The duality mapping J is weakly sequentially continuous if, for any sequence \(\{x_n\}\subset E\) such that \(x_n\rightharpoonup x\) as \(n\rightarrow \infty \), then \(Jx_n\rightharpoonup ^* Jx\) as \(n\rightarrow \infty \). It is known that the normalized duality map on \(\ell _p\) spaces, \(1< p <\infty \), is weakly sequentially continuous.

We now obtain the weak convergence result of Algorithm 3.3 in the next theorem.

Theorem 3.6

Let Assumptions 3.1 and 3.2 hold.
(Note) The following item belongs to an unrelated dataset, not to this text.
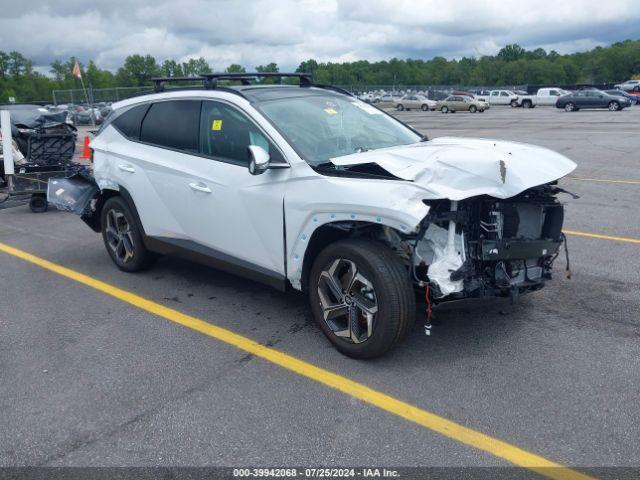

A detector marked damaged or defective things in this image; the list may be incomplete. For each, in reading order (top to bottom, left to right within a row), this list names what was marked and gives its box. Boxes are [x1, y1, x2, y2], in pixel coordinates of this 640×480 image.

crumpled hood [332, 137, 576, 201]
damaged front end [410, 185, 564, 302]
Assume that J is weakly sequentially continuous on E and let the sequence \( \{x_n\}_{n=1}^\infty \) be generated by Algorithm 3.3. Then \(\{x_n\}\) converges weakly to \(z\in (A+B)^{-1}(0)\). Moreover, \(z:=\underset{n\rightarrow \infty }{\lim }\Pi _{(A+B)^{-1}(0)}(x_n)\).

Proof

Let \(x^*\in (A+B)^{-1}(0)\). From (19), we have

$$\begin{aligned} 0< & {} [1-2\kappa ^2b^2L^2\mu ]\phi (y_n, x_n)\le [1-2\kappa ^2\lambda _n^2L^2\mu ]\phi (y_n, x_n)\nonumber \\\le & {} \phi (x^*, x_n)-\phi (x^*,x_{n+1}). \end{aligned}$$
(21)

Since \(\lim _{n\rightarrow \infty }\phi (x^*, x_n)\) exists, we obtain from (21) that

$$\begin{aligned} \underset{n\rightarrow \infty }{\lim }\phi (y_n, x_n)=0. \end{aligned}$$

Applying Lemma 2.11, we get

$$\begin{aligned} \underset{n\rightarrow \infty }{\lim }\Vert x_n-y_n\Vert =0. \end{aligned}$$

Since E is uniformly smooth, the duality mapping J is uniformly norm-to-norm continuous on each bounded subset of E. Hence, we have

$$\begin{aligned} \underset{n\rightarrow \infty }{\lim }\Vert Jx_n-Jy_n\Vert =0. \end{aligned}$$

Since \(\{x_n\}\) is bounded by Lemma 3.4, there exists a subsequence \(\{x_{n_i}\}\) of \(\{x_n\}\) and \(z\in C\) such that \(x_{n_i}\rightharpoonup z\). Since \(\lim _{n\rightarrow \infty } \Vert x_n-y_n\Vert =0\), it follows that \(x_{{n_i}+1}\rightharpoonup z\). We now show that \(z\in (A+B)^{-1}(0)\).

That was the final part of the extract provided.